That's just how it goes for Purdue these days. They're 10th in the conference at making twos; tenth at making threes; dead last at making free throws. They were much the same last year save for the presence of DJ Byrd, who vaguely propped up their three-point percentage. That solitary bit of green in Purdue's shooting stats in the post-Hummel era comes with a massive caveat, though: Purdue took fewer threes than all but six of the 345 D-I basketball teams.
Threes are good shots. Very successful bug people masquerading as humans have built entire programs around not allowing them to be launched while launching many themselves. Purdue regards them as poison, because for them they are.
Meanwhile, when Nik Stauskas comes off a screen and takes a pull up long two I'm not even mad anymore.
I feel this deserves a group hug of some variety. I hate long twos. They are odious rejection of math, unless Michigan is shooting them. Nowadays I just think "well, that's probably going in." Michigan shot over 60% from two for the fifth time(!) in eight conference games and stroked over half of their three pointers for the second consecutive outing. The following players launched jumpers that I felt were probably going in as soon as they left their shooters' hand: Stauskas, Robinson, LeVert, Horford, Morgan, Albrecht, Irvin, Walton. That is everybody.
Purdue fans must have looked on at this like cavemen discovering fire, or amoebas recently out-evolved. As a Michigan fan I remember what it was like, and think there but for the grace of six to eight players on Michigan's roster go I.
You keep telling yourself that the thing is unsustainable and then they keep proving you wrong. At some point is the expectation that Michigan can beat just about anyone by launching whenever they get a window of space? You keep waiting for that game where their shooting fails them and they collapse in a heap, but Michigan just banged in 11 of 19 threes at the Breslin Center. When is it going to get, you know, hard?
At some point, surely. This is the belief required both by reason and superstition. But every time Stauskas goes from velocity to perfect airborne stillness it gets a little harder to remember that.
But Mitch, I am contemplating the duality of existence. Ask for Mitch/Horford shots and ye shall receive.
HI JON DID YOU KNOW I USED TO BE A MUPPET [Fuller]
Aside from the shooting, how did you like the play? Not very much at all, old-timey newspaper reporter of legend. This was a very frustrating game to watch when Michigan was not banging in everything they threw up. Which wasn't that often. But still.
Michigan's sixteen turnovers would have done them in against many opponents, and they kept Purdue vaguely in it after Michigan had pushed out to a double-digit lead midway through the first half. A number were extremely sloppy.
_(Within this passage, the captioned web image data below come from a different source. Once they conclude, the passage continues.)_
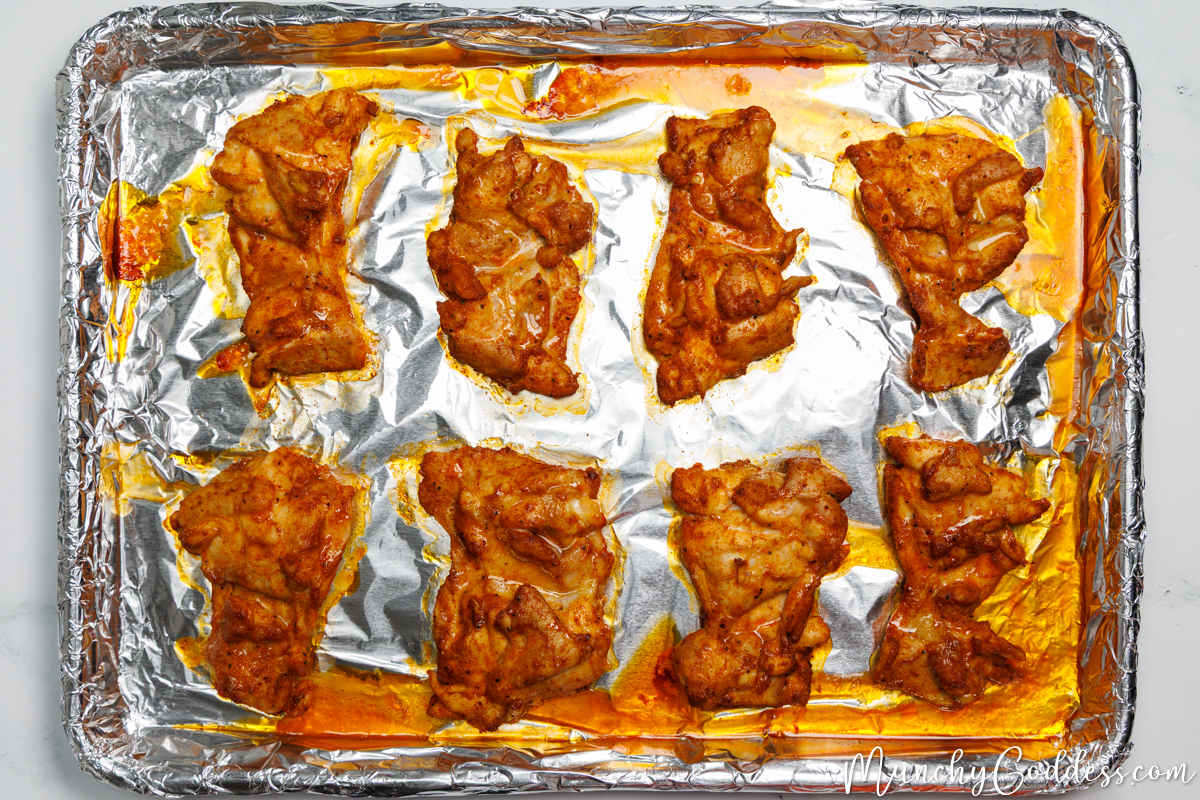 Boneless skinless chicken thighs after being baked for 20 minutes smooth side down on a sheet pan lined with foil.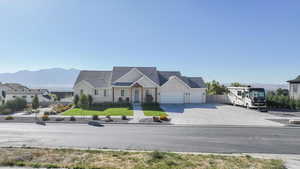 View of front facade with concrete driveway, a mountain view, a garage, and a front lawn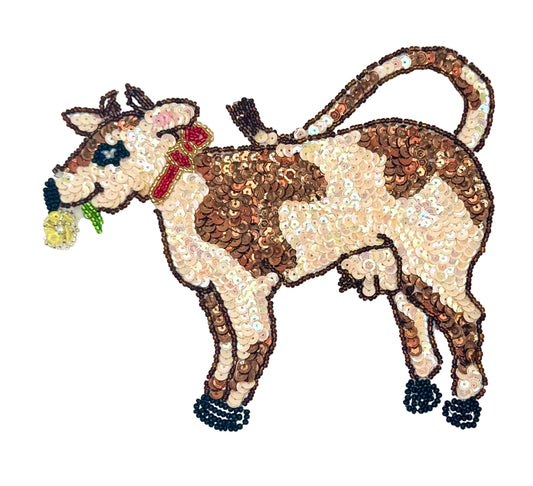 Decorative cow patch with sequins and beads on a white background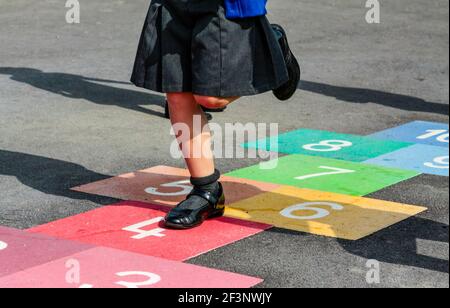 Primary school child playing hopscotch in a school playground during their break from classroom lessons. Stock Photo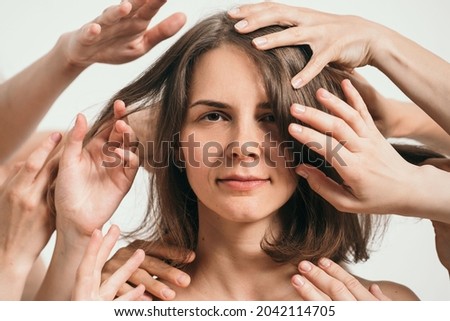 A large portrait of a beautiful girl. Lots of hands around a woman's face. The impact of society on modern man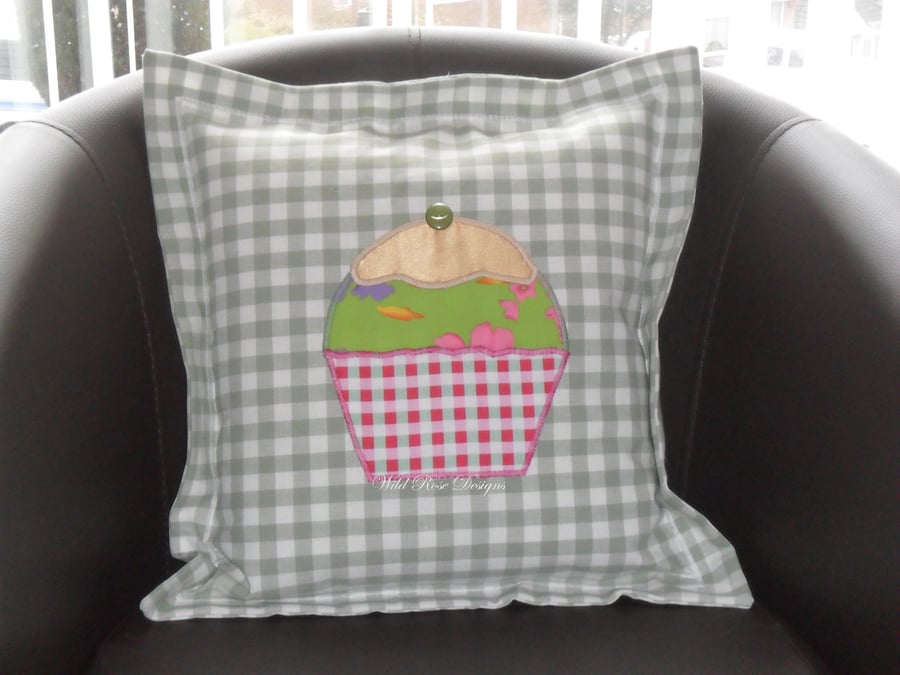 Cushions with appliqued cupcake. 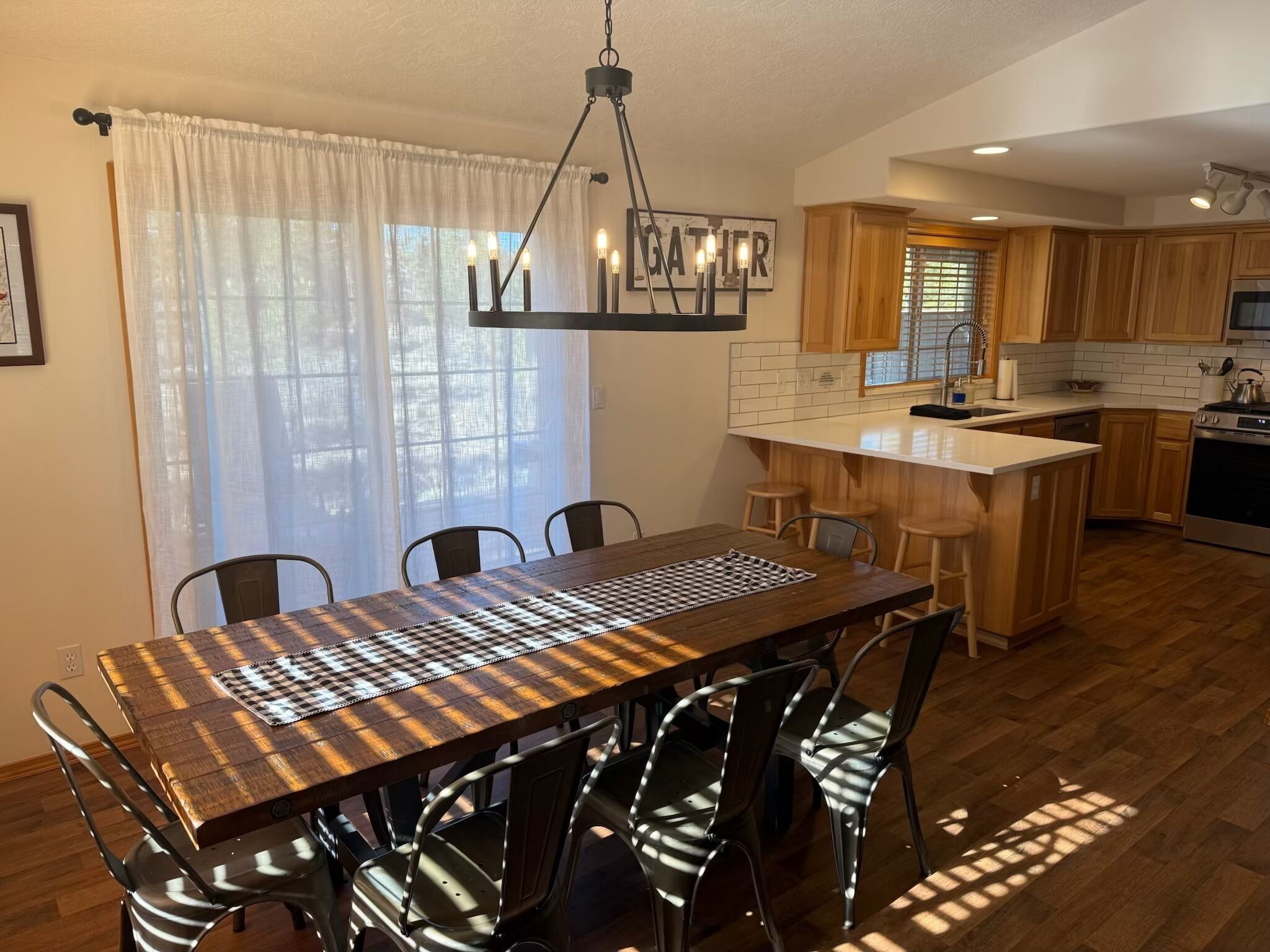 A modern kitchen with wooden cabinets, a central island, and a dining area with a checkered tablecloth.
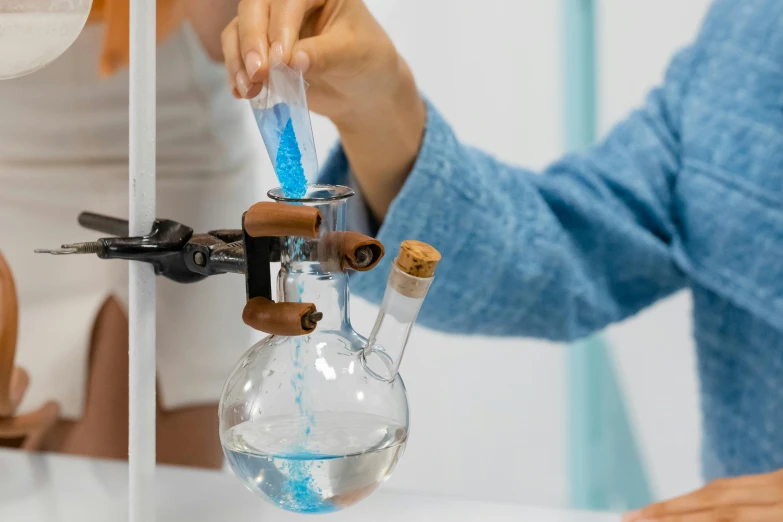 a close up of a person holding a beaker filled with liquid, trending on pexels, with pipes attached to it, perfume, blue, avatar image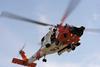 A Coast Guard MH-60 Jayhawk rescue helicopter safely hoisted both men from the life raft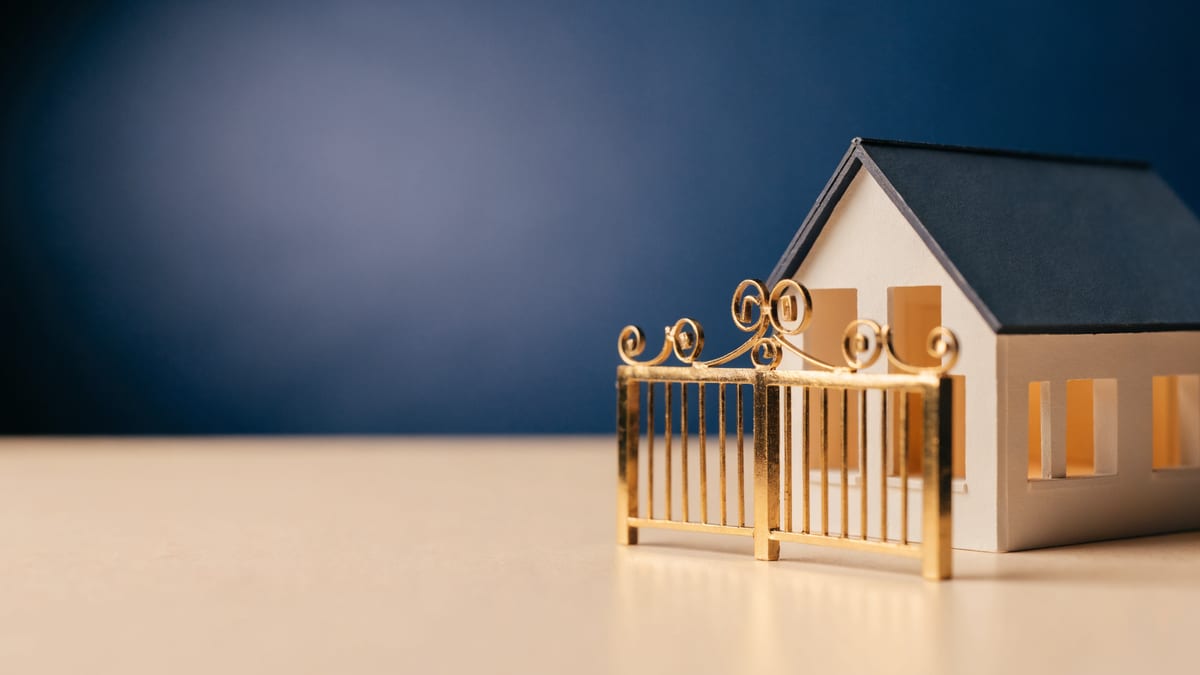 Scale model house behind a closed miniature gate on a navy backdrop, representing a borrower unable to refinance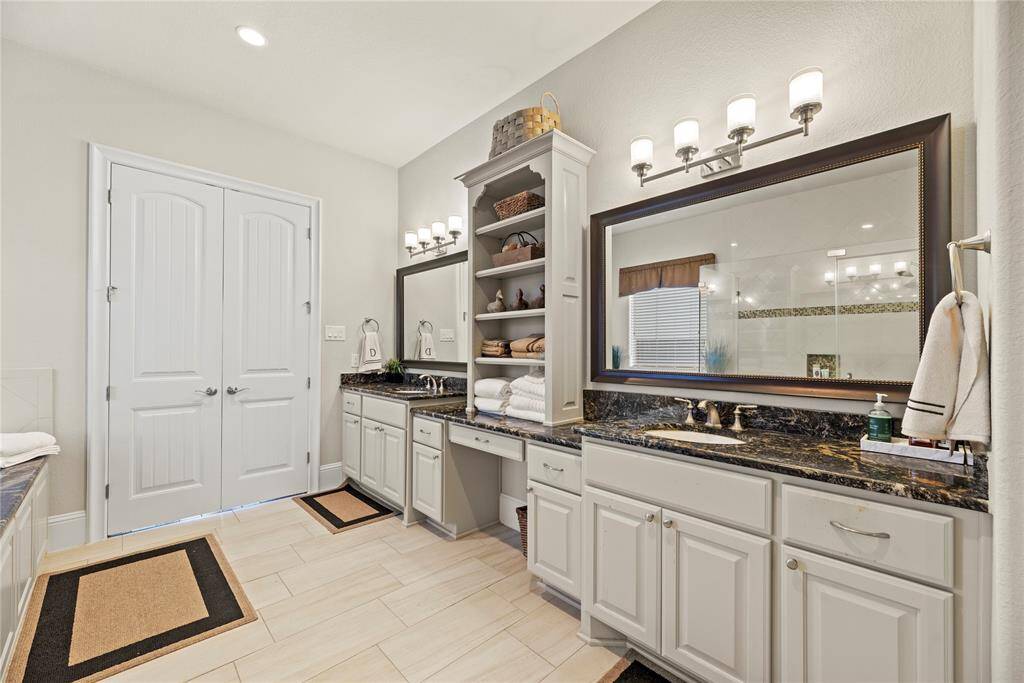 The primary bath features exquisite dual vanities, providing ample personal space along with an abundance of custom cabinetry for seamless organization.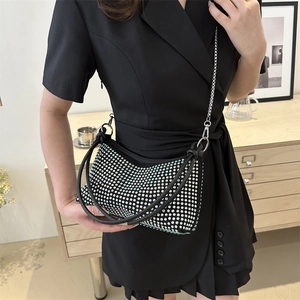 Elegant black rhinestone underarm bag with blue crystals and silver chain strap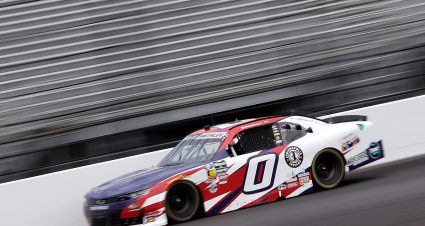 INDIANAPOLIS, INDIANA - JULY 24: Garrett Smithley, driver of the #0 SS GreenLight Racing Chevrolet, drives during practice for the NASCAR O'Reilly Auto Parts Series Pennzoil 250 Presented by Take 5 Oil Change at Indianapolis Motor Speedway on July 24, 2026 in Indianapolis, Indiana. (Photo by Logan Riely/Getty Images)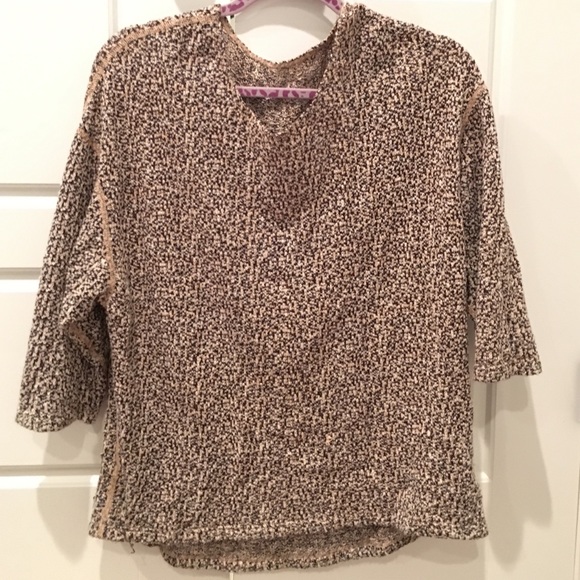 Blue and yellow speckled sweater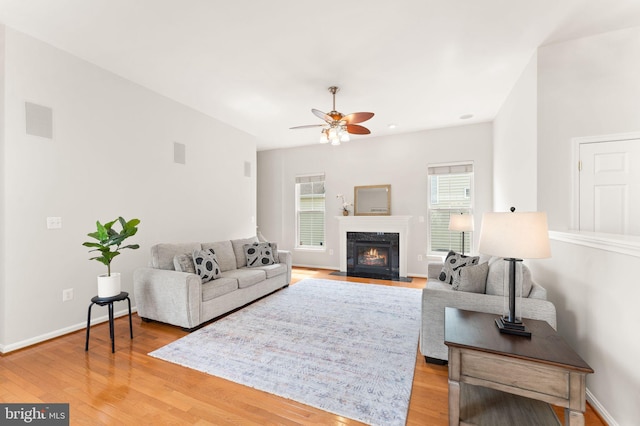 17435 Lethridge Cir, Round Hill, VA 20141 - living area with ceiling fan, light wood-type flooring, a fireplace with flush hearth, and baseboards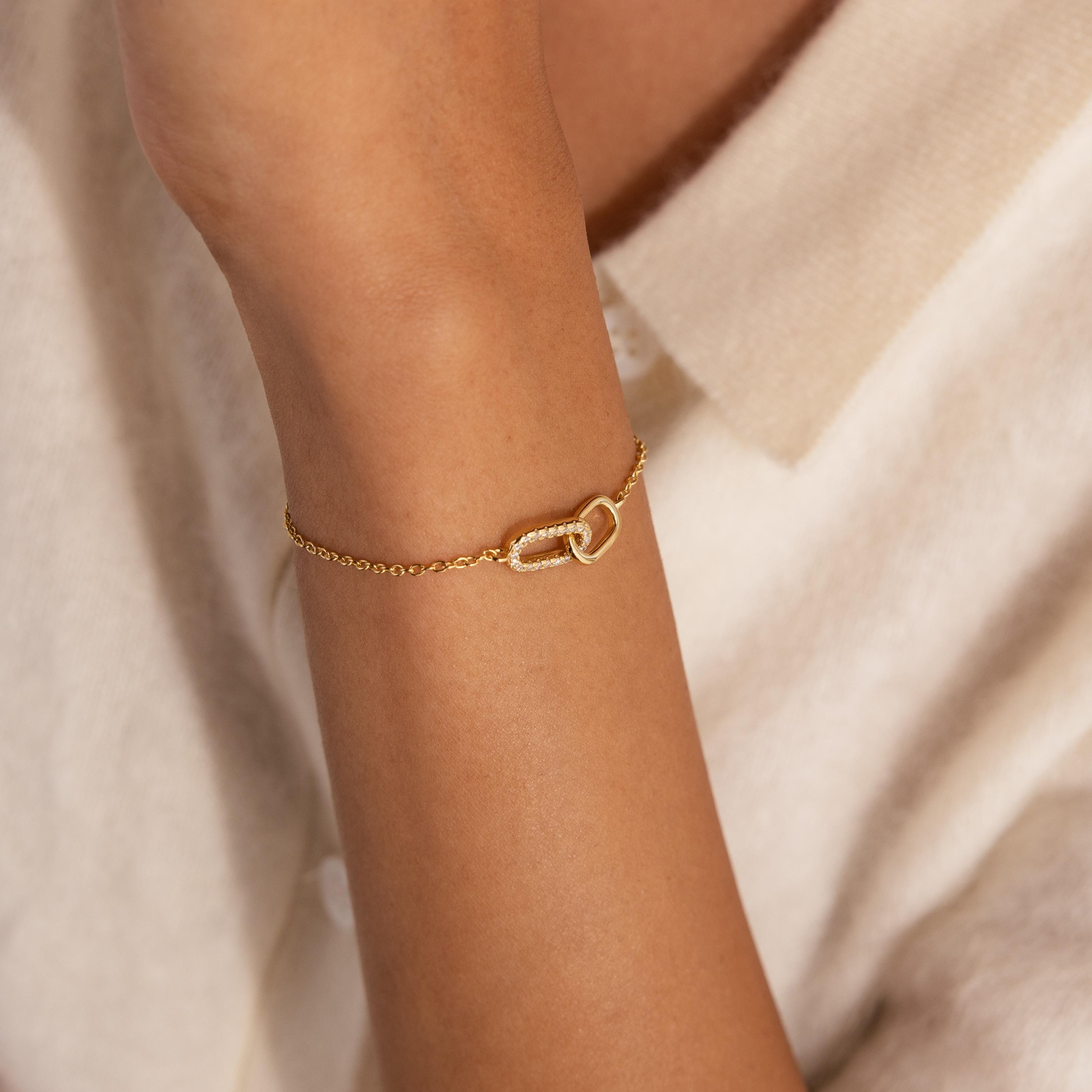 Gold chain bracelet with two interlocking oval links at the center, one link polished and the other encrusted with small clear stones, worn on the wrist.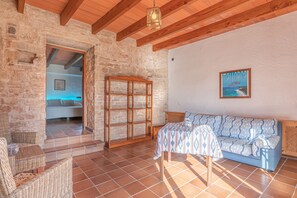A room with a stone wall, wooden beams, a patterned sofa, wicker furniture, and a framed picture on the wall.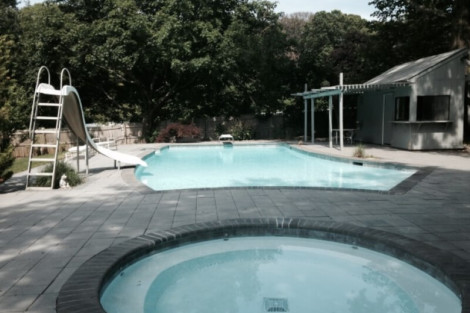 Beautiful inground pool and hot tub installed by All Island Group in Long Island with outdoor seating and lush greenery. Inground pool and hot tub with outdoor furnishings in Long Island.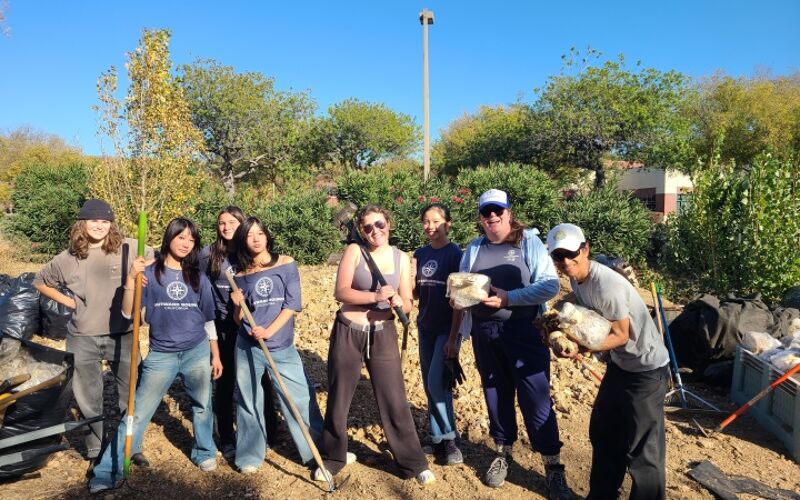 The image shows a group of people posing for a photo outdoors. They appear to be volunteers, possibly involved in a community project. Some are holding tools, and the background suggests a natural environment. The overall impression is one of teamwork and environmental engagement.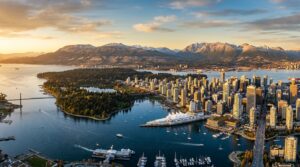Panoramic view of Vancouver showing downtown skyline, Stanley Park, and North Shore Mountains with harbor waters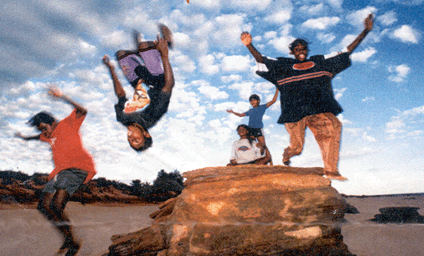 Image: Saltwater kids meet Desert Kids. Yough people enjoying what they have learnt from the Desert Acrobats at Ridell Beach, Broome. Photo by Michael Hutchinson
I can live with Stauskas trying to thread the needle for an assist and getting picked off; not so much LeVert having his pocket picked at the time line. A return of Morgan's hands issues was also unwelcome.
Turnovers both robbed Michigan of opportunities to continue making it rain and propped up Purdue's miserable offense by giving them transition opportunities; without that spate in the first half this game is a laugher by halftime.
The weird, lost rebounding war. The board war was significantly distorted by the fact that there were so many more opportunities for rebounds underneath Purdue's basket (41) than Michigan's (21), so 16 OREBs to 5 isn't quite the enormous blowout it seemed like at the time.
And while the 16 OREBs given up was frustrating, there was no one thing you could point to as the cause. No Boiler acquired more than two of those sixteen offensive rebounds and about half were weird bounces off bricks or scrums in which four or five players touched the ball until it popped out to someone or another.
Result of previous two bullets. Michigan easily won a game in which they had a whopping 19 fewer FGAs than their opponents. (This was not an MSU/Iowa thing where fouls distort that. Michigan shot 17 to Purdue's 15.) That's cool and all, but let's not try that again.
dunk courtesy Derrick Walton [Bryan Fuller]
Okay, Walton, okay. I was trying to pump the breaks a little bit after Walton's 19-point performance against MSU because I wasn't seeing a whole lot of activity in the half-court offense and the free throws distorted his stats.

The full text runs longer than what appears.